The US administration has declared monkeypox a public health emergency, with cases increasing across the country.
“This action will strengthen and accelerate the administration’s response to the rapid and continuing transmission of monkeypox in the United States and the world, as well as a sign of the seriousness and urgency with which the administration is responding,”
Declaring monkeypox a public health emergency is part of the administration’s comprehensive strategy to combat the monkeypox outbreak.
What is Monkeypox?
Monkeypox virus is transmitted to humans from a variety of wild animals, but its secondary spread is limited by human-to-human transmission. The case fatality rate in monkeypox outbreaks is usually 1-10%, with most deaths occurring in the younger population.
The disease is also transmitted primarily through respiratory particles in the form of droplets that usually require long periods of face-to-face contact, exposing family members of active cases to a high risk of infection. The disease can also be transmitted through vaccination or through the placenta (congenital monkeypox), and there is still no evidence that monkeypox can persist in human beings simply by transmission from one person to another.
Disease outbreaks and transmission
The World Health Organization confirmed that monkeypox in humans was first detected in 1970 in the Democratic Republic of the Congo in a 9-year-old boy who lived in an area where smallpox was eradicated in 1968. Most cases have since been reported in rural areas of the rainforest located in the Congo Basin and West Africa, particularly in the Democratic Republic of the Congo, where it was considered endemic, and where a major outbreak of the disease occurred in 1996 and 1997.
The organization added that infection with the disease results from indicative cases of direct contact with the blood of infected animals, their body fluids, their skin lesions or their mucous fluids, and cases of infection caused by handling monkeys, giant gambian rats or squirrels infected with the disease have been documented in Africa. It is the main reservoir of the virus. It is possible that eating undercooked meat from infected animals is a risk factor associated with the disease.

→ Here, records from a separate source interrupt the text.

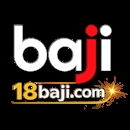18bajicom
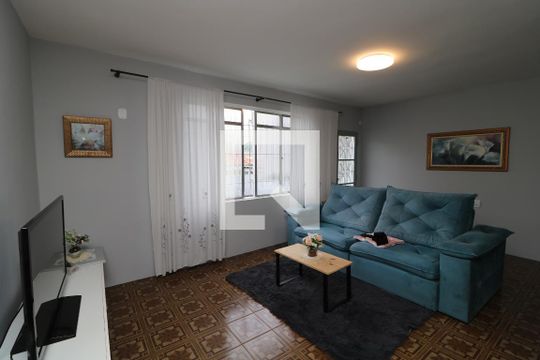 Casa à venda com 5 quartos, 300m² em Vila Formosa, São Paulo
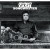 Cash Johnny • Songwriter (2CD)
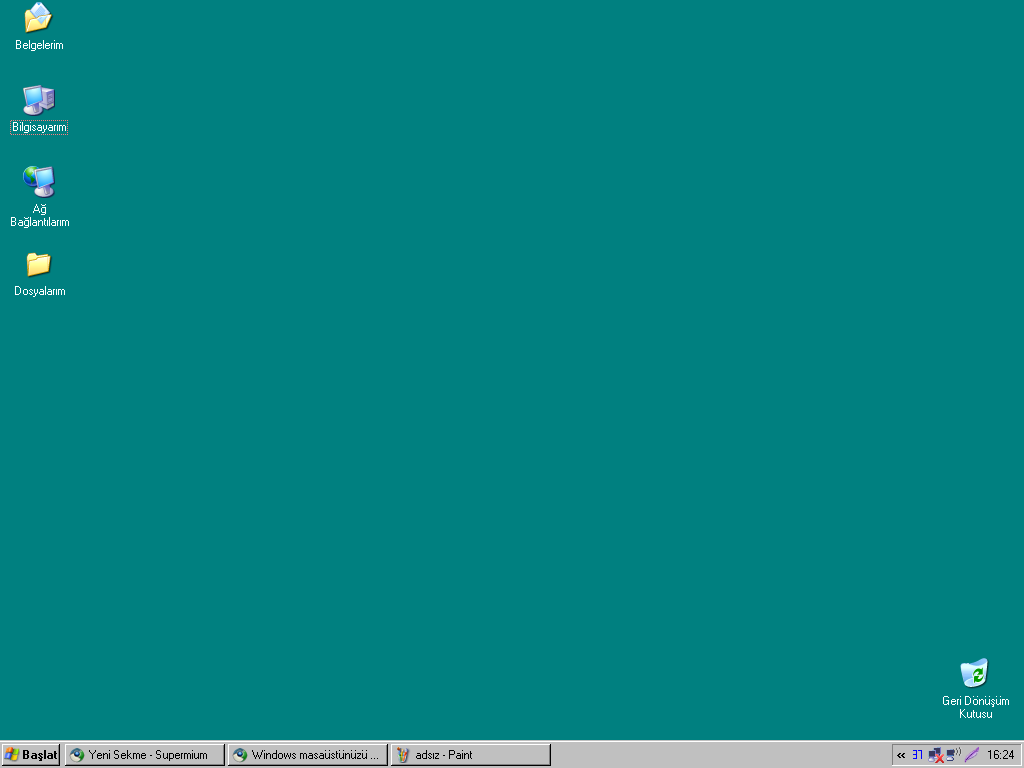 1772198688146.webp
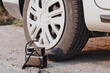 Welche Pumpe ist besser für ein Auto? Foto 1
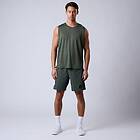 CLN ATHLETICS Energy Stretch 2.0 Shorts (Herr)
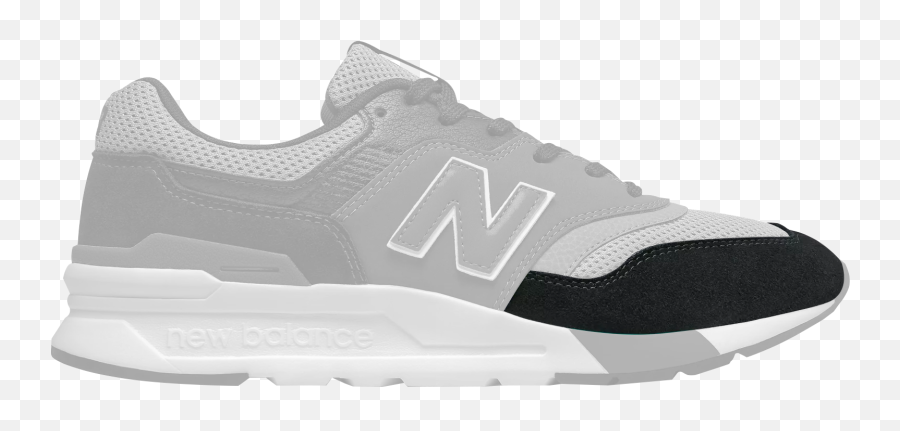 A Family Portrait Of The New Balance 997 - New Balance 997 Hzk Png,Family Walking Png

Transmission of the disease at the secondary level or from person to person can result from intimate contact with the respiratory tract secretions of an infected person or its skin lesions, or from contact with objects that have recently been contaminated with the patient’s fluids or pest-causing substances.
Disease signs and symptoms
In addition, the organization clarified the symptoms of the disease, as the incubation period for monkeypox, which is the period between the stage of infection with its infection and the stage of its symptoms, ranges between 6 and 16 days, but it can range from 5 to 21 days.

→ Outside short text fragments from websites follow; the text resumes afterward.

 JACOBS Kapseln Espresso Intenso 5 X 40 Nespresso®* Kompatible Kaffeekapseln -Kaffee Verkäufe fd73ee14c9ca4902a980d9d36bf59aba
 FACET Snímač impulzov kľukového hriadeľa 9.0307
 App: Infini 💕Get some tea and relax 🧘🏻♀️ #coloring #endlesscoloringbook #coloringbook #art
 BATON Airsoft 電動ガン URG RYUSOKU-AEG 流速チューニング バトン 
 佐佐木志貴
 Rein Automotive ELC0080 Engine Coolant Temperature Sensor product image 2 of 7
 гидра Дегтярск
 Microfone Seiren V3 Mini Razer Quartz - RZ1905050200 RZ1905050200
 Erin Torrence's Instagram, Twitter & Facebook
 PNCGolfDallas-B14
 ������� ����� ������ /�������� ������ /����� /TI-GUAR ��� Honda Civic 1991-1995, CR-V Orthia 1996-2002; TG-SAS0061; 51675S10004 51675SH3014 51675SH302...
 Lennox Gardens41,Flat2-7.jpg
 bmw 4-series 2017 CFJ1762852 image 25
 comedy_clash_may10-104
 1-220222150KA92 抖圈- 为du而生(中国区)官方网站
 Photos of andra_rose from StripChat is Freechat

The stages of infection are divided into the period of invasion, 0 days and 5 days, and it is characterized by fever, severe headache, enlarged lymph nodes, back and muscle pain, and severe weakness.

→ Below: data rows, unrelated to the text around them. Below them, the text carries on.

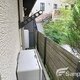 物件画像7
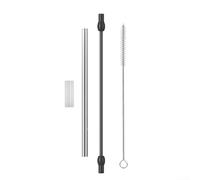 Yhenlovtt Kit de repuesto de manguera de espumador de leche para máquina de café, juego de tubos para un rendimiento fiable para máquinas de café espresso serie Siemens-EQ6 (juego 1)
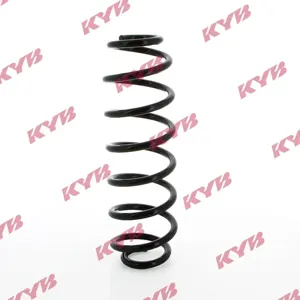 KYB RA5500 Пружина (серия K-Flex)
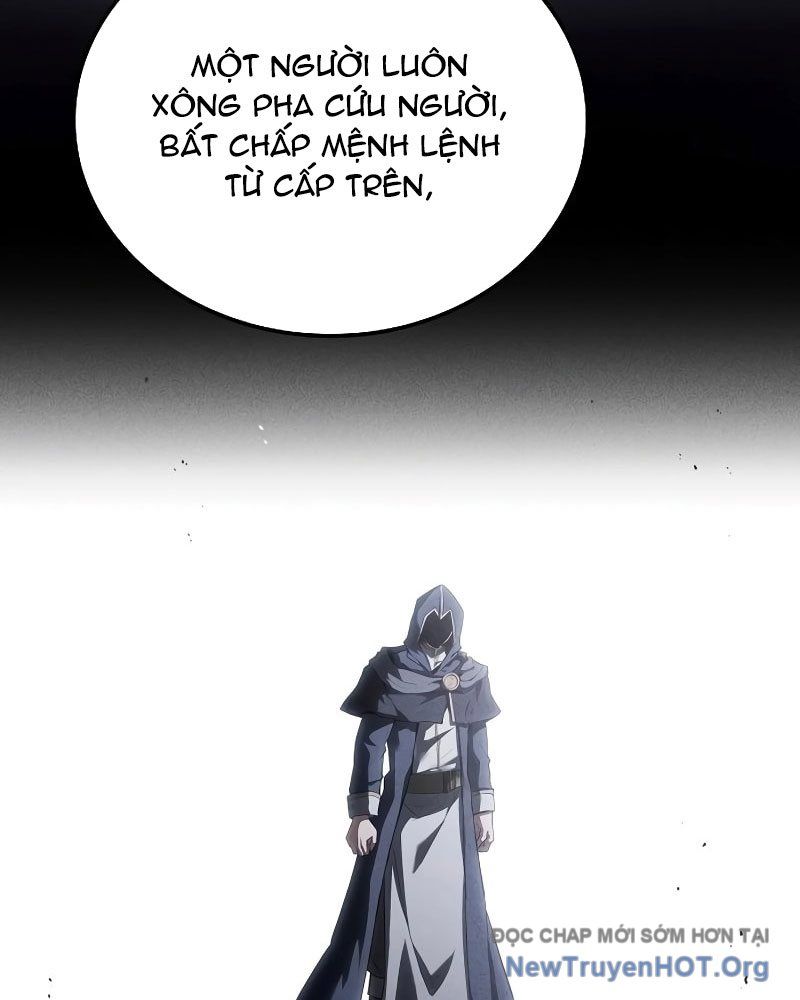 Đại Pháp Sư Mở Nhà Hàng - Chapter 95 - Page 33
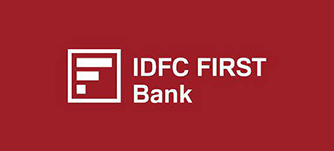 Best Logistics courses in kerala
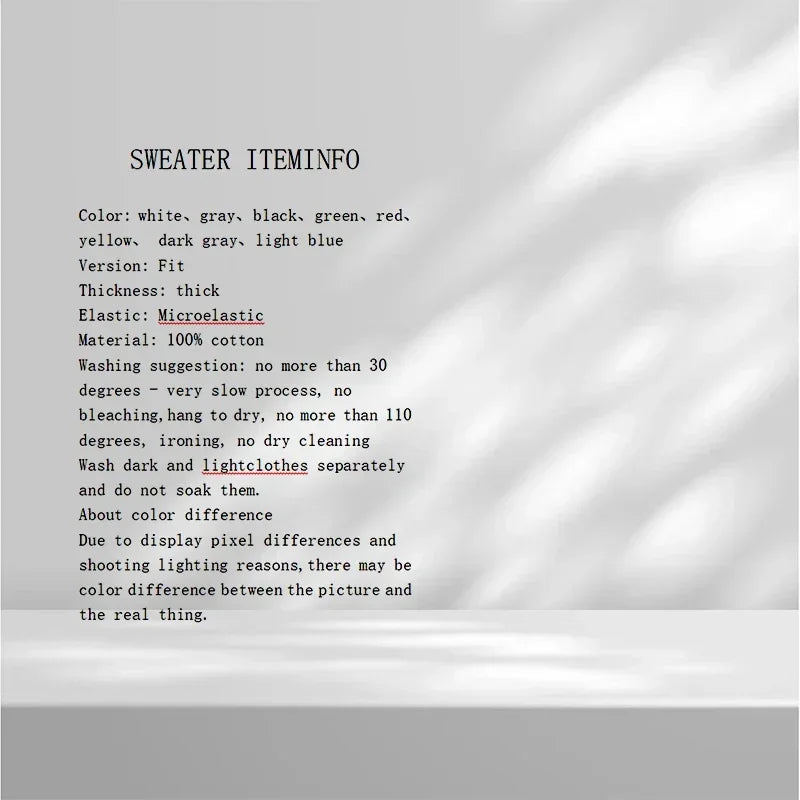 Luxury Brand Tiger Print Spring Autumn and Winter Fashion Loose Round Neck Pullover Sweater Women's Velvet Thicker Streetsharks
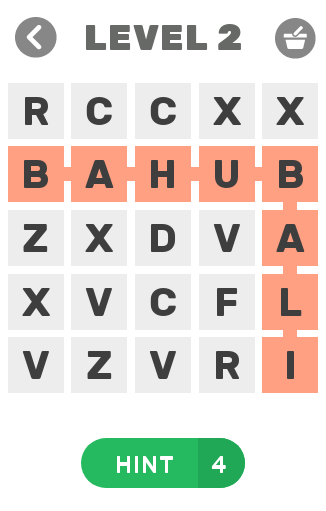 Anushka Shetty Movie Names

And the period of appearance of the rash within a period ranging between 1 and 3 days after infection with the fever, during which the various stages of the appearance of the rash crystallize, which begins on the face most often and then spreads to other parts of the body. The rash is most severe on the face in 95% of cases, and on the palms of the hands and soles of the feet 75%.
In about 10 days, the rash develops from macular papules (flat-based lesions) to vesicles (small fluid-filled blisters) and pustules, followed by crusts that may take up to three weeks to disappear completely.
Some patients also develop severe enlargement of the lymph nodes before the rash appears, a feature that distinguishes monkeypox from other similar diseases. Monkeypox is usually a self-limited disease and its symptoms last for a period ranging from 14 to 21 days, and children are more commonly infected with severe cases, depending on the extent of exposure to the virus, the health status of the patient and the severity of complications resulting from it.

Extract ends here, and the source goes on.